Skip all pictures; return exactly the lines from the one containing "Causal Street Vintage Retro Check Shirt" through the end of the data.

═══ PROVIDED RECORDS ═══

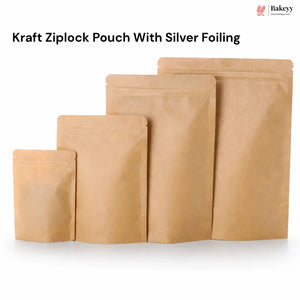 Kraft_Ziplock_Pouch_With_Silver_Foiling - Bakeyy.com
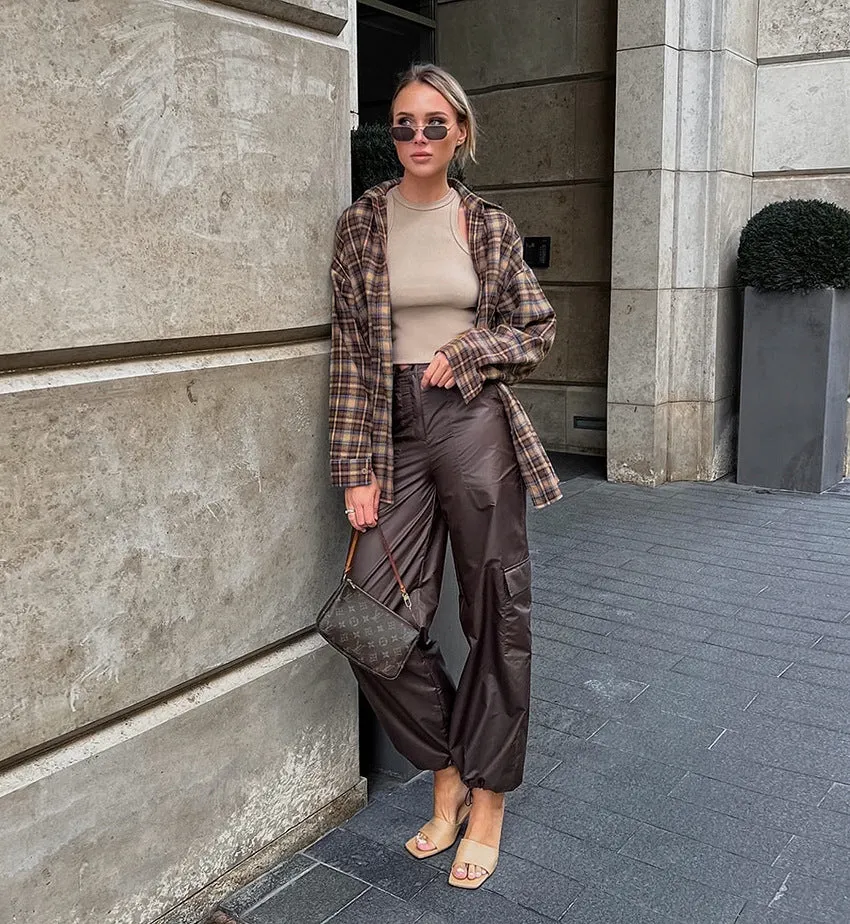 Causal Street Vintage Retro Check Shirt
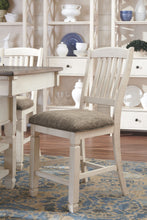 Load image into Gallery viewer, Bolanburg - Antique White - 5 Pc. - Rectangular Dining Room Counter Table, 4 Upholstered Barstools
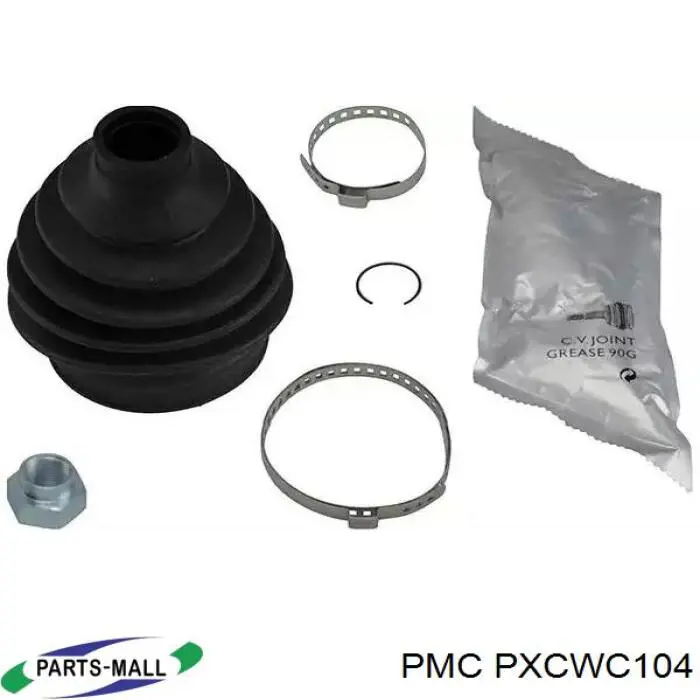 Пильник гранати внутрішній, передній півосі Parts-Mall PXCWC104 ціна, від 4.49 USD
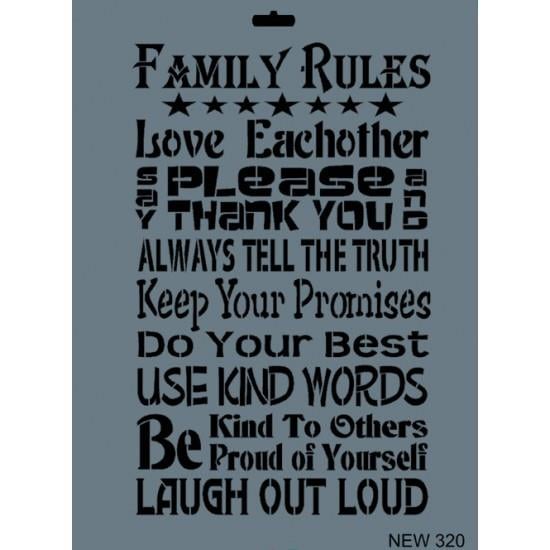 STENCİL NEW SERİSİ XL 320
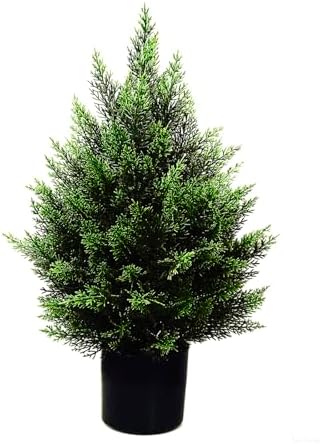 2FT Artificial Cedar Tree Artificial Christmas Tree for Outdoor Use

═══

[SOLUTION]
 Causal Street Vintage Retro Check Shirt
 Load image into Gallery viewer, Bolanburg - Antique White - 5 Pc. - Rectangular Dining Room Counter Table, 4 Upholstered Barstools
 Пильник гранати внутрішній, передній півосі Parts-Mall PXCWC104 ціна, від 4.49 USD
 STENCİL NEW SERİSİ XL 320
 2FT Artificial Cedar Tree Artificial Christmas Tree for Outdoor Use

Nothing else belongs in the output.